PMID: 15234422 [PubMed - indexed for MEDLINE]
 
Ascending aortic aneurysm growth after aortic valve replacement

Ascending aortic aneurysm growth after aortic valve replacement

I have much conflicting information about the growth of the ascending aorta after valve replacement surgery. My bicuspid aortic valve was replaced about 10 years ago with a St Judes valve. No mention at that time of a dilated aorta.

About 2 years ago I was diagnosed by CT scan with an ascending aortic aneurysm measuring 5.3 cm. It has been monitored every 6 months since and hasn't changed at all. My cardiologist says we should not bother it unless it starts growing. I am 68 years old and about 5'5" tall (or short). I don't understand why the aneurysm is not increasing in size although I am grateful that it isn't. This seems contrary to almost everything I have read about the normal growth rate. The only medication I take other than coumadin is Benicar for lower blood pressure.
I am also aware that the aneurysm size is above the recommended size for surgery according to ACC/AHA guideline even for taller persons. My doctor seems to believe that the aneurysm growth rates don't really apply after the bicuspid aortic valve has been replaced.
I have had a second opinon as to surgery. The surgeon agreed with my cardiologist that we should wait. I am very uncomfortable about that.
Does anyone have any experience or advice relative to my situation?
 
Here's a good research article that may prove useful to you, rtblount.

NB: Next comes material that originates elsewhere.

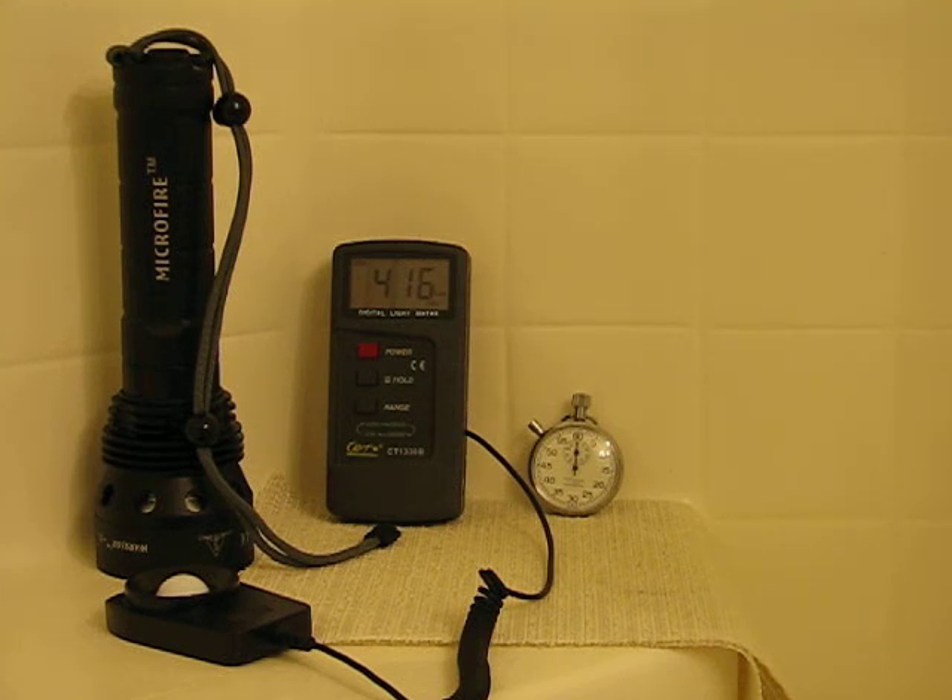Good evening, guys. Patriot here with Camel Power Forums. I thought I'd go ahead and do another HID warm-up test.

http://circ.ahajournals.org/cgi/content/full/circulationaha;108/10_suppl_1/II-291

The patients with bicuspid aortic valve showed progressive dilation of the proximal ascending aorta even after AVR. Thus, AVR could not prevent progressive aortic dilation in those patients. Since the aorta did not dilate in patients with tricuspid aortic valve undergoing AVR, aortic dilation in patients with bicuspid aortic valve seems mainly due to the fragility of the aortic wall rather than hemodynamic factors caused by aortic stenosis or aortic regurgitation.

I assume that your ascending aorta has increased in size since your initial AVR, or otherwise your surgeon would've said something about your large aorta 10 yrs ago. I think the rate of growth is very slow and measureable over the course of many measurements, not unlike being unable to measure growth of your children day to day ... over time this growth becomes easier to recognize. The lack of precision or the margin of error of the CT scan machine used in your measurements may also "overshadow" your growth rate over such a short time interval of two years. Waiting for these results at this size is worrisome and a gamble in my opinion, as the 6.0cm diameter has been shown in other studies to be the "hinge point" for bad things to happen...you'll want to resect the aneurysm well ahead of this statistical hinge point. You may want to consider a second or third opinion from an aorta center.